● Exercise prompt:
From the line containing "471 Monmouth St" down to the line containing "The image showcases", copy out the entries below exactly, both lines included, and nothing else; pictures do not belong in the copy.

● Dataset content:
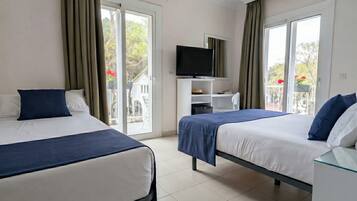 Habitación de hotel con dos camas, televisión y balcón con vistas a árboles y flores.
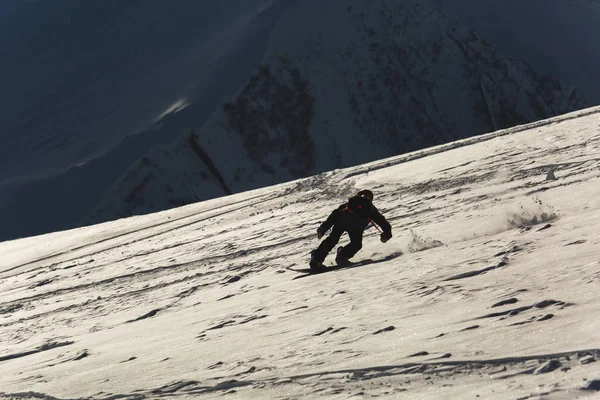 Snowboarder snowboard a friss hó, sípályák a napsütéses téli napon Grúziában síközpontban — Stock Fotó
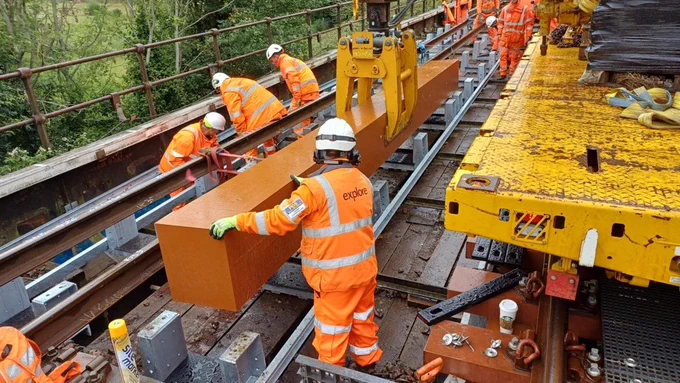 Workers in orange high-visibility clothing install a large steel beam on a bridge using a yellow lifting machine. The beam is being carefully positioned onto newly fitted supports, with several workers guiding it into place along the track. 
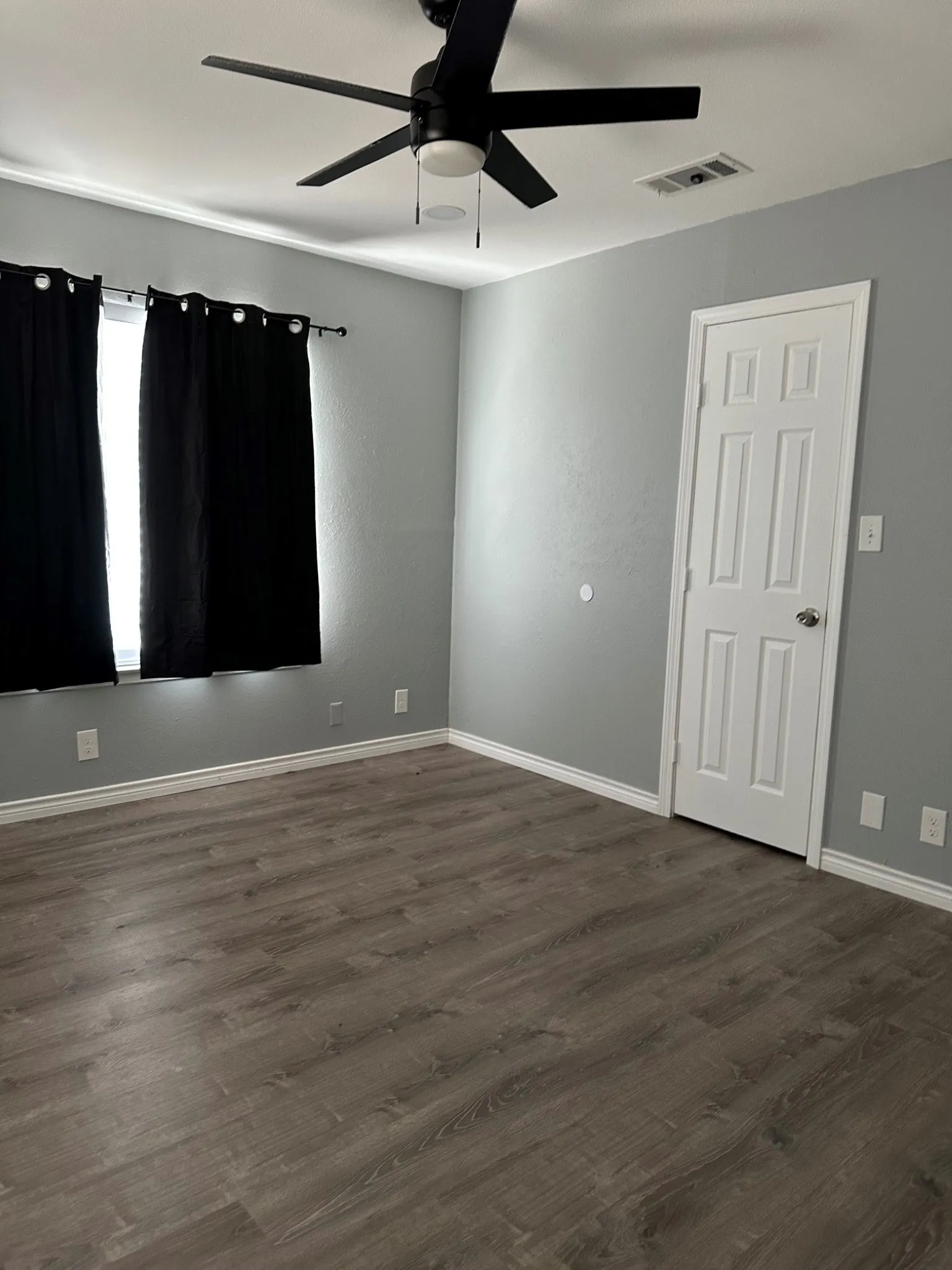 Front corner bedroom with closet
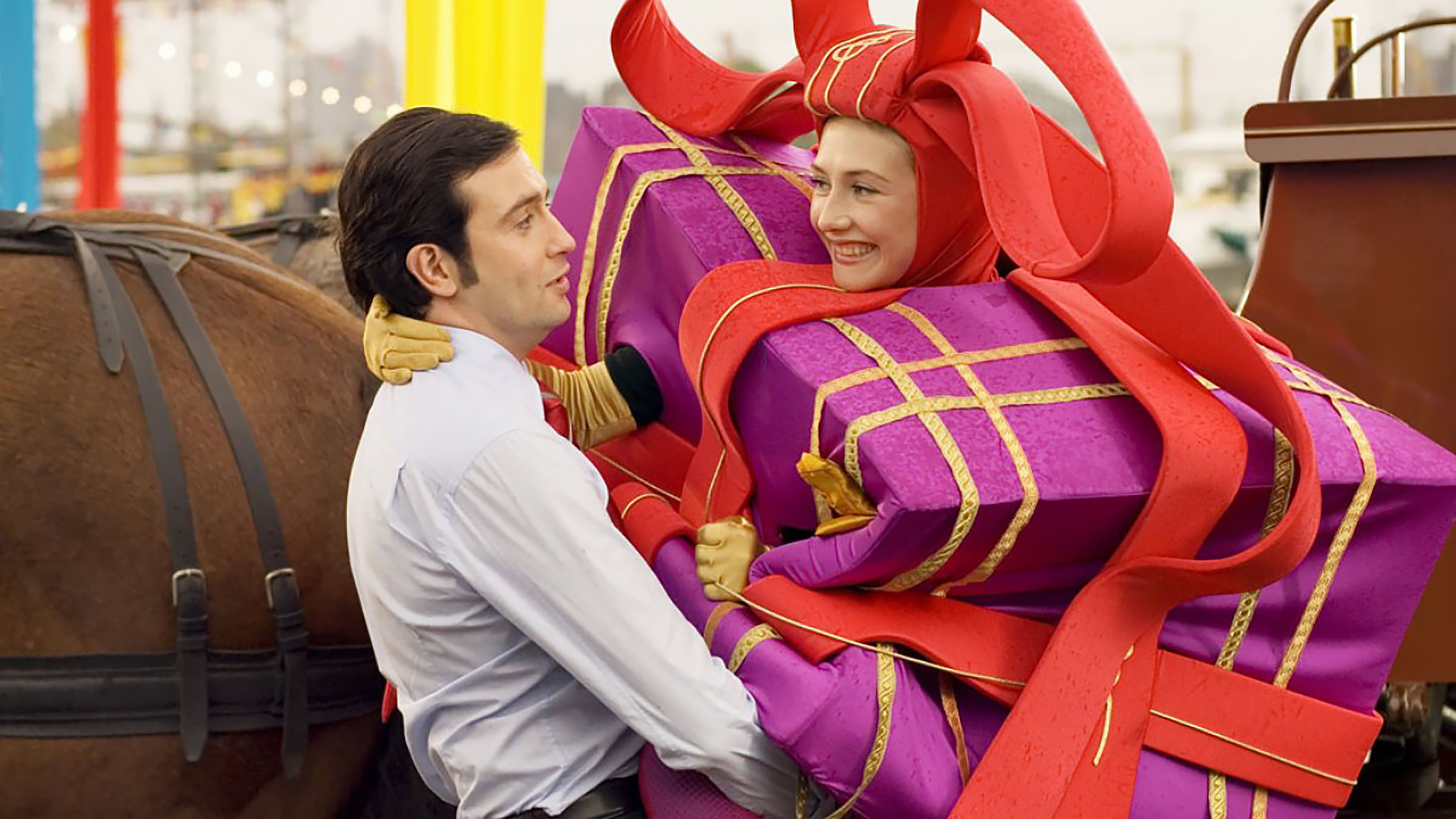 Een man in een wit overhemd houdt een vrouw vast die verkleed is als een groot, paars cadeau met rode strikken.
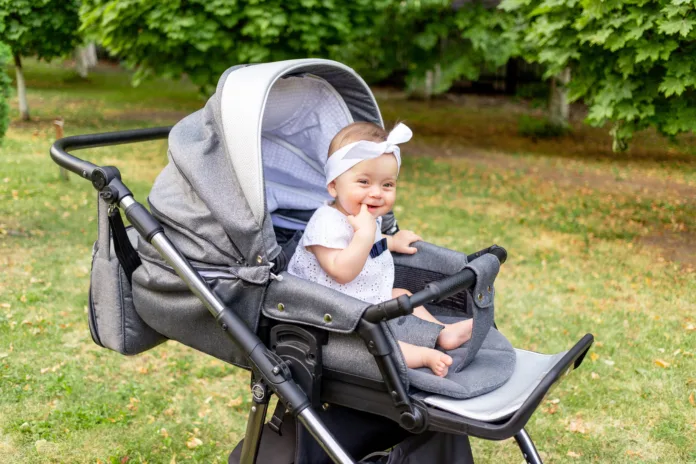 a small child a girl of 7 months sits in a stroller in the summer in a white dress and looks at the camera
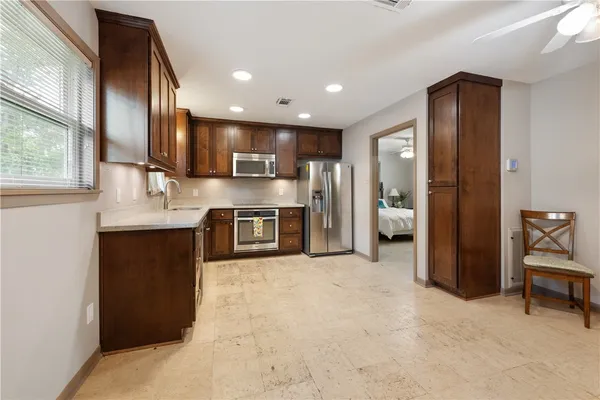 a kitchen with stainless steel appliances granite countertop a refrigerator and a stove top oven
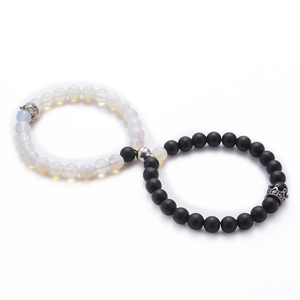 Macro view of 8mm white opal and black lava stone couple bracelets with magnetic crowns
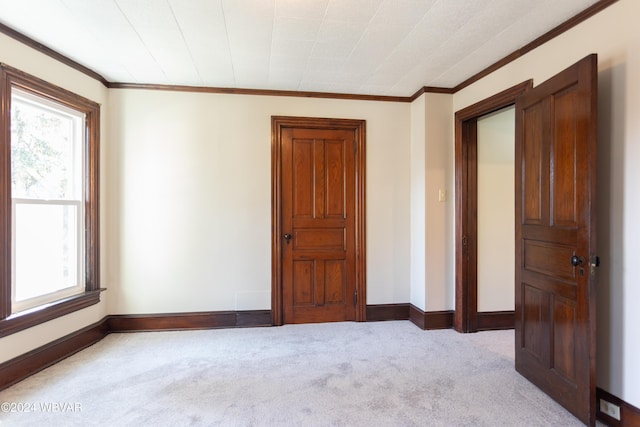 carpeted spare room with crown molding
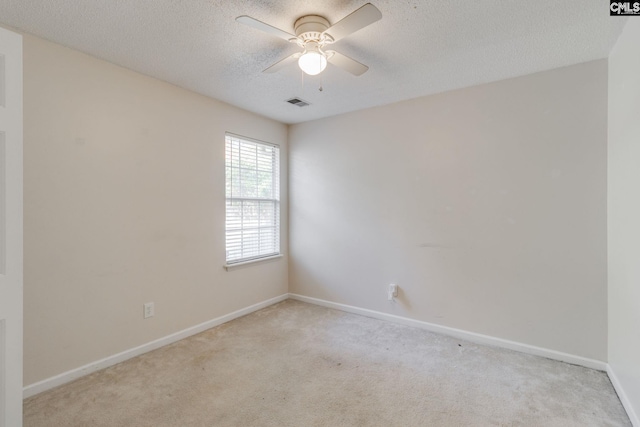 spare room with a textured ceiling, light carpet, visible vents, baseboards, and a ceiling fan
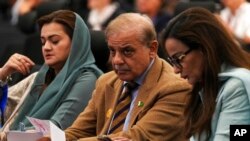 FILE - Muhammad Shehbaz Sharif, prime minister of Pakistan, listens to speeches at the COP27 U.N. Climate Summit, Nov. 8, 2022, in Sharm el-Sheikh, Egypt. 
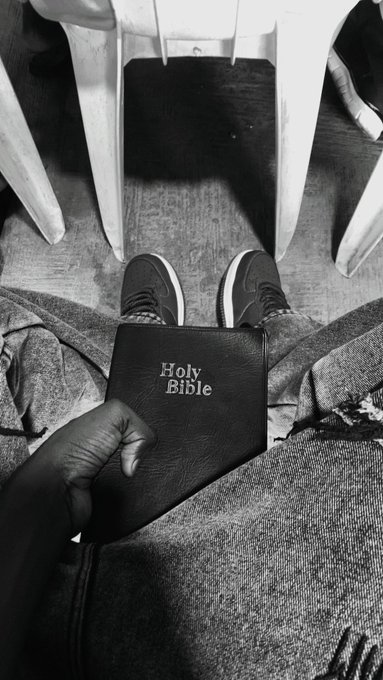 A black-and-white photo shows a person's legs in sneakers as their hand holds a small black book labeled 'Holy Bible' above their lap.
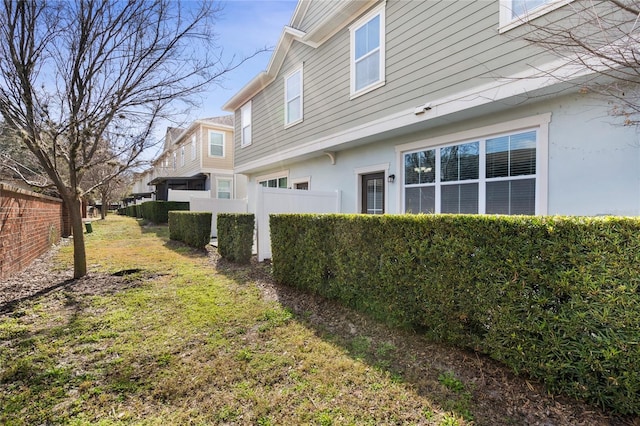 view of home's exterior with a lawn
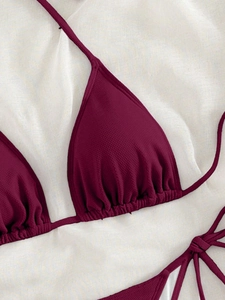 Detail view of burgundy ribbed bikini top with halter tie and triangle pleated fabric texture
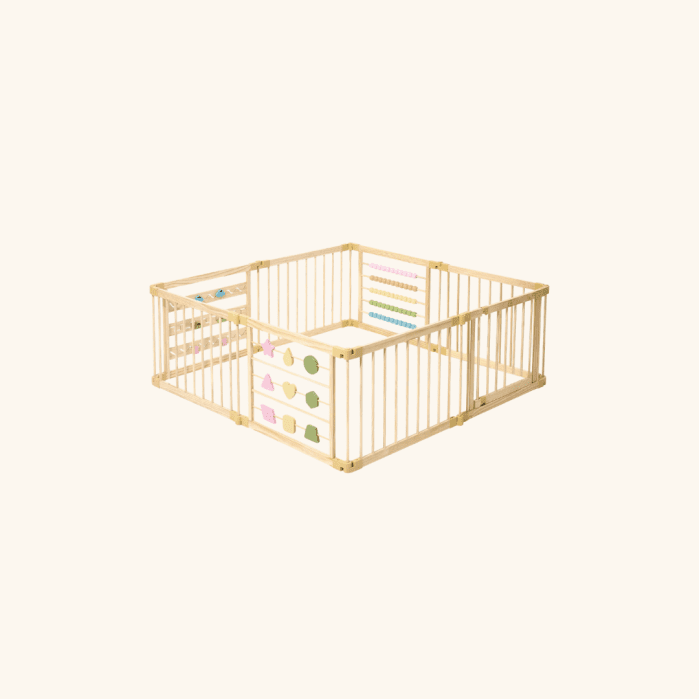 Wooden baby playpen with light-colored bars, featuring built-in activity panels including shapes, beads, and an abacus, placed on a plain light background.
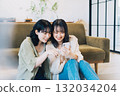 Two smiling women looking at a smartphone in a room 132034204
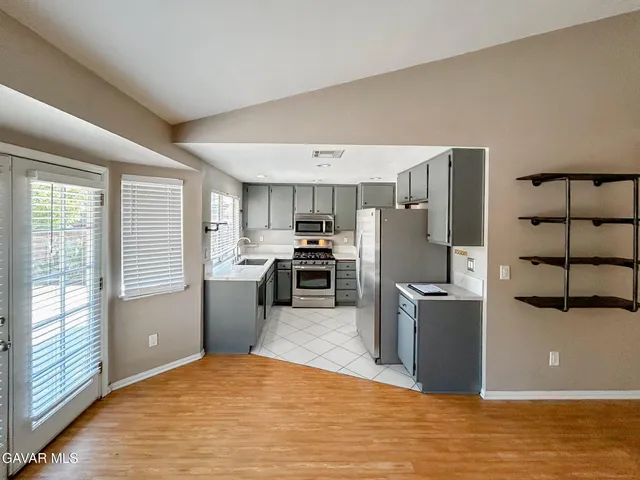 a kitchen with a refrigerator and a stove top oven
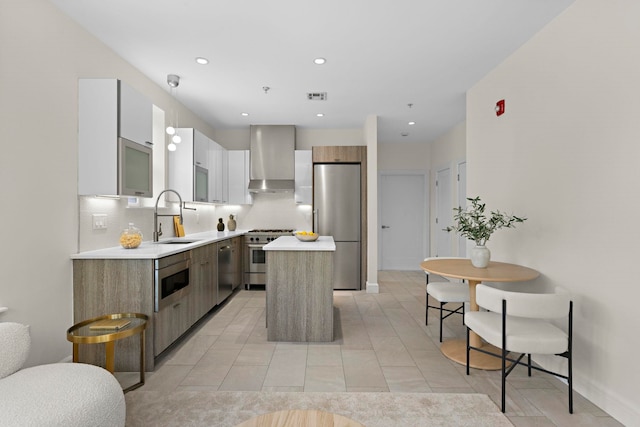 471 Monmouth St Unit 1, Jersey City, NJ 07302 - kitchen with a sink, wall chimney range hood, modern cabinets, appliances with stainless steel finishes, and recessed lighting
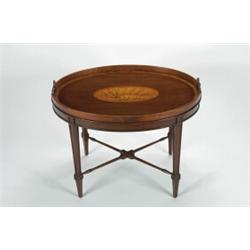 AN ANTIQUE INLAID MAHOGANY OVAL TEA TRAY, in the George III manner, crossbanded and inlaid with l...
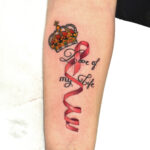 Tatouage de couronne et de ruban sur l'avant-bras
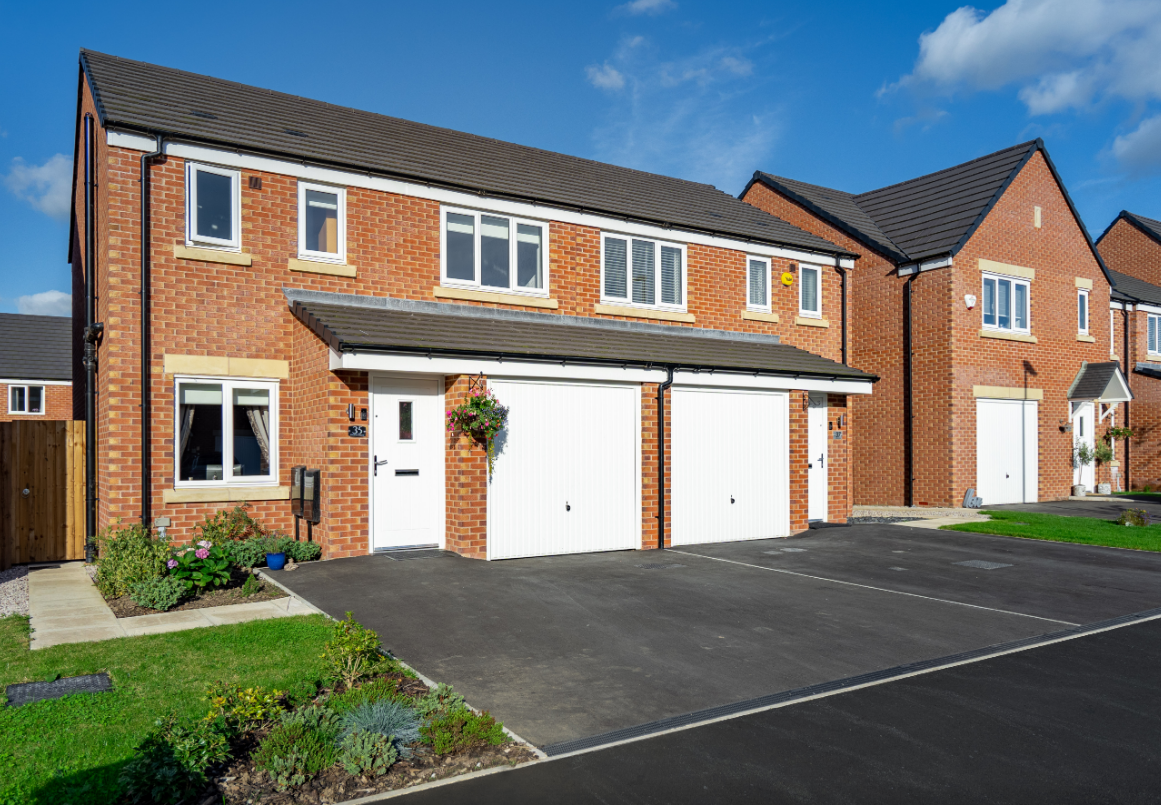 The image showcases a row of modern brick houses with double garages and well-maintained gardens. The sky is clear and blue, highlighting the residential nature of the area.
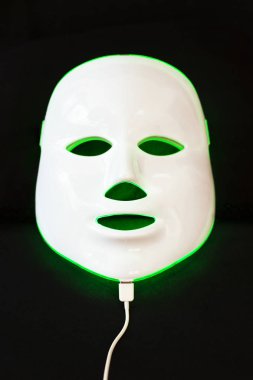 Siyah arka plan üzerine yüz cilt tedavisi için maske gençleştirici ışık.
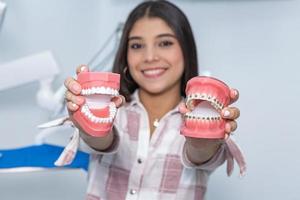 lächelnd ethnisch weiblich Teenager zeigen Zahnersatz im Klinik foto
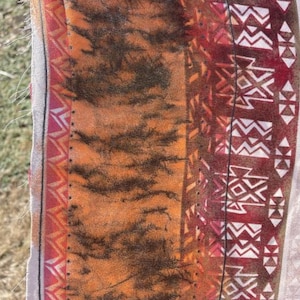 May include: Textile with a vibrant pattern, featuring orange, brown, and red hues. The design includes a tiger stripe-like pattern, geometric shapes, and a decorative border. The fabric is held by a clothespin.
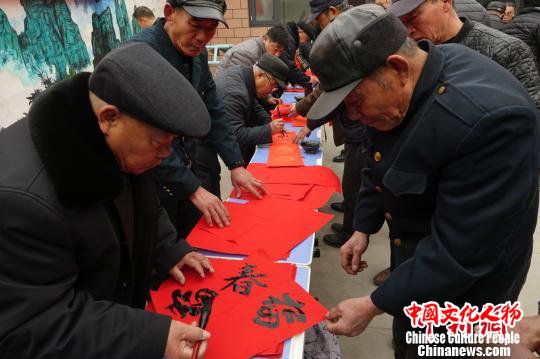 图为给村民写福字。　张帆 摄
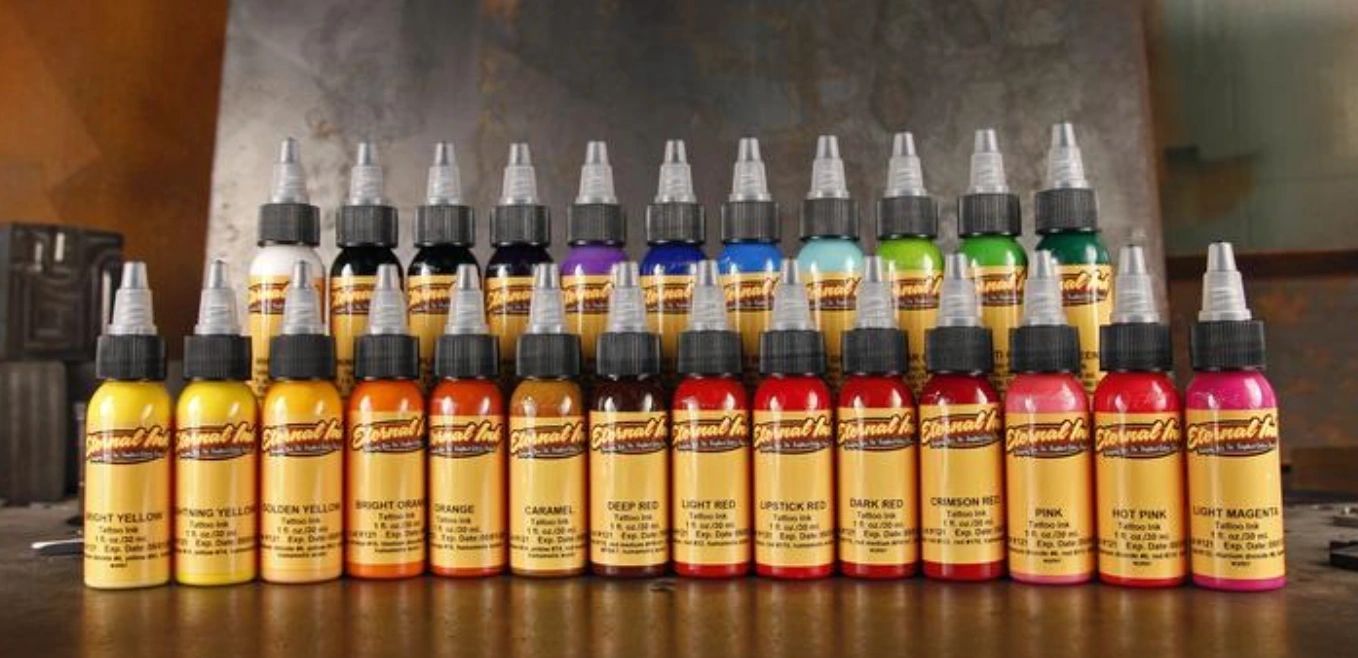 A row of bottles of tattoo ink are lined up on a table.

● Written response:
 471 Monmouth St Unit 1, Jersey City, NJ 07302 - kitchen with a sink, wall chimney range hood, modern cabinets, appliances with stainless steel finishes, and recessed lighting
 AN ANTIQUE INLAID MAHOGANY OVAL TEA TRAY, in the George III manner, crossbanded and inlaid with l...
 Tatouage de couronne et de ruban sur l'avant-bras
 The image showcases a row of modern brick houses with double garages and well-maintained gardens. The sky is clear and blue, highlighting the residential nature of the area.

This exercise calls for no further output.